Für Arbeitgeber stellt die Rechtsprechung insgesamt eine wichtige Orientierungshilfe dar. Zumindest grundsätzlich dürfte in allen drei genannten Konstellationen ein Ausschluss oder Beschränkung des Anspruchs auf die Witwenrente möglich sein. Es sind aber folgende Mindestmaßstäbe einzuhalten:

  • Eine Späteheklausel sollte ausschließlich diejenigen Ehen erfassen, die nach dem Eintritt des Versorgungsfalls bei dem Arbeitnehmer geschlossen wurden.
  • Bei Altersabstandsklauseln sollte der Altersabstand mindestens 10 Jahre betragen.
  • Bei Ehedauerklauseln sollte die Dauer die 1-Jahres-Grenze nicht übersteigen.

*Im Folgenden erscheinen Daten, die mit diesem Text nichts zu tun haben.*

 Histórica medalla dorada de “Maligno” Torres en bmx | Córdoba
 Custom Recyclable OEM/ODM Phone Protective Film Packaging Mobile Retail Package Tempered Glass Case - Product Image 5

Bei Zusagen in Form von einzelvertraglichen Pensionsverträgen ist zudem darauf zu achten, dass diese der AGB-Kontrolle unterliegen. Hier besteht die Gefahr, dass eine Klausel bereits wegen Intransparenz oder Unangemessenheit unwirksam ist. Bei der Formulierung des Pensionsvertrages ist deshalb besondere Sorgfalt zu beachten. Im Falle der Unwirksamkeit besteht aufgrund des Verbots der geltungserhaltenden Reduktion auch keine Möglichkeit, die Klausel auf das zulässige Maß zu reduzieren. In Unternehmen mit Betriebsrat bzw. Tarifbindung sollte aus diesem Grund erwogen werden, solche Regelungen zur betrieblichen Altersversorgung in einer Betriebsvereinbarung oder einem Tarifvertrag zu treffen.